In the Ottoman Empire, with the Tanzimat and Constitutional Monarchy movements, there were some developments in the participation of Ottoman women in education and working life. Especially during the Second Constitutional Monarchy period, the position of women began to change due to modernization. Women, who until then had been limited to being mothers and wives within the home, gained a different status in social life, and their place in education, work and social life expanded. These developments during the Ottoman period created an accumulation for the Republic to take more advanced steps.
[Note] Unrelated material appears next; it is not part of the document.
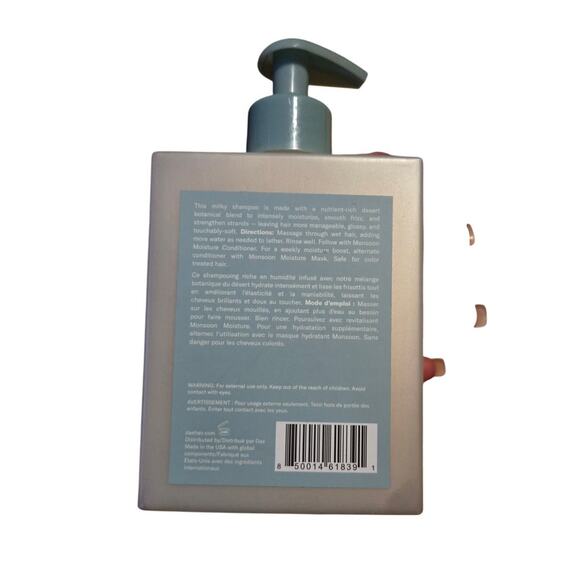 DAE Monsoon Moisture Milk Shampoo 300ml / 10 fl oz – Hydrating Hair Care - Picture 2 of 2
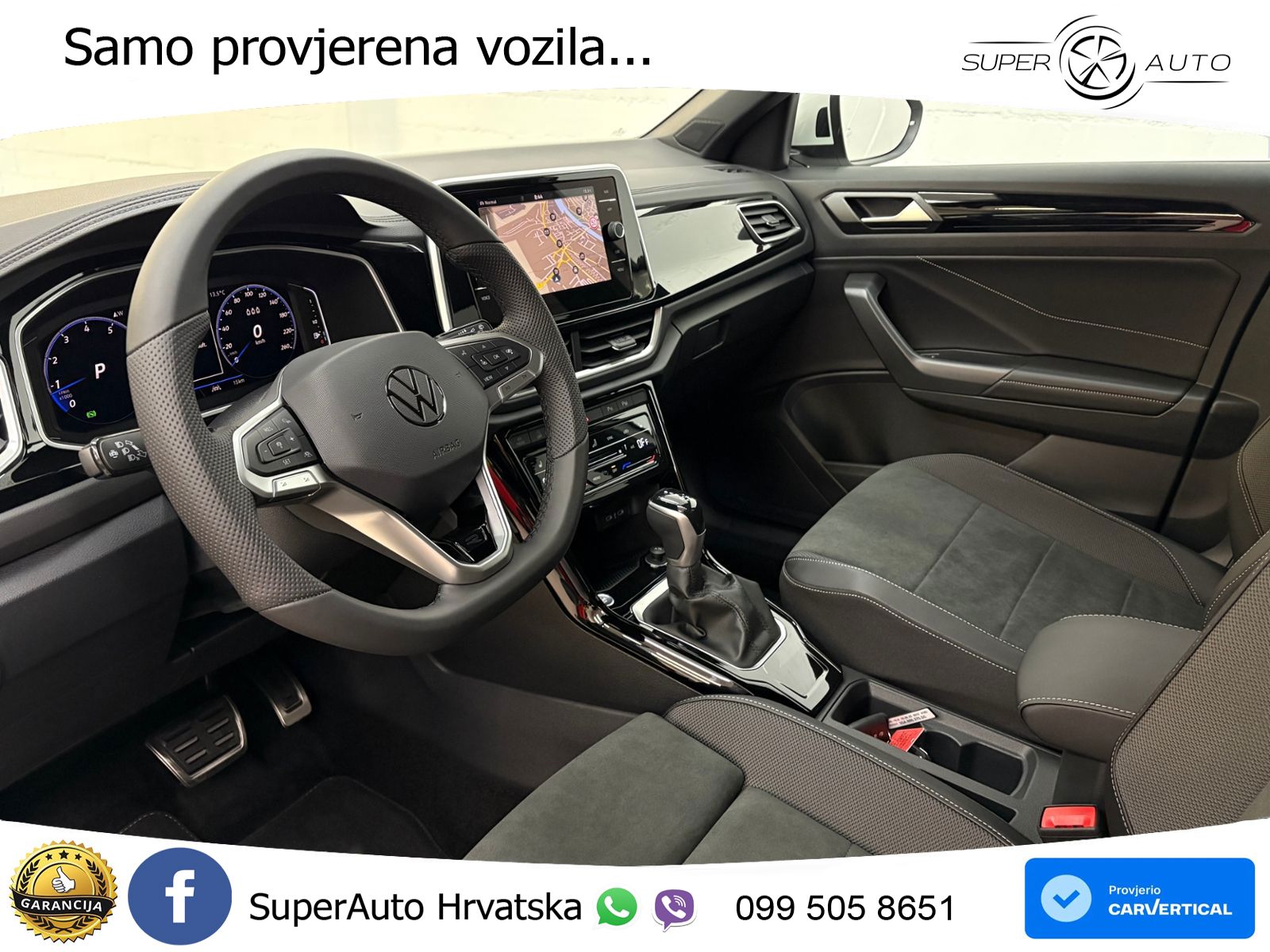 Volkswagen T-Roc 1.5 TSI (150 KS) DSG R-Line LED+GR SJED+ACC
With the proclamation of the Republic, radical changes have occurred regarding gender equality. The Republic of Turkey adopted modernization and Westernization movements and within this scope, reforms aimed at raising the social status of women were carried out. With the Tevhid-i Tedrisat Law accepted in 1924, women and men were provided with equal educational opportunities, with the acceptance of the Civil Code in 1926, women gained legal equality and with the right to participate in municipal elections in 1930 and in general elections in 1934, Turkish women were given their political rights. The aim of the study is to reveal how the steps taken for gender equality are perceived by the members of parliament. As a result of the analysis, it was seen that the issue of gender equality was brought to the agenda in the Turkish Grand National Assembly in economic, legal, social and political matters. In this context, while some members of parliament in the Turkish Grand National Assembly defend the need to preserve the traditional social structure regarding gender equality, others perceive gender equality as a part of the modernization and progress process.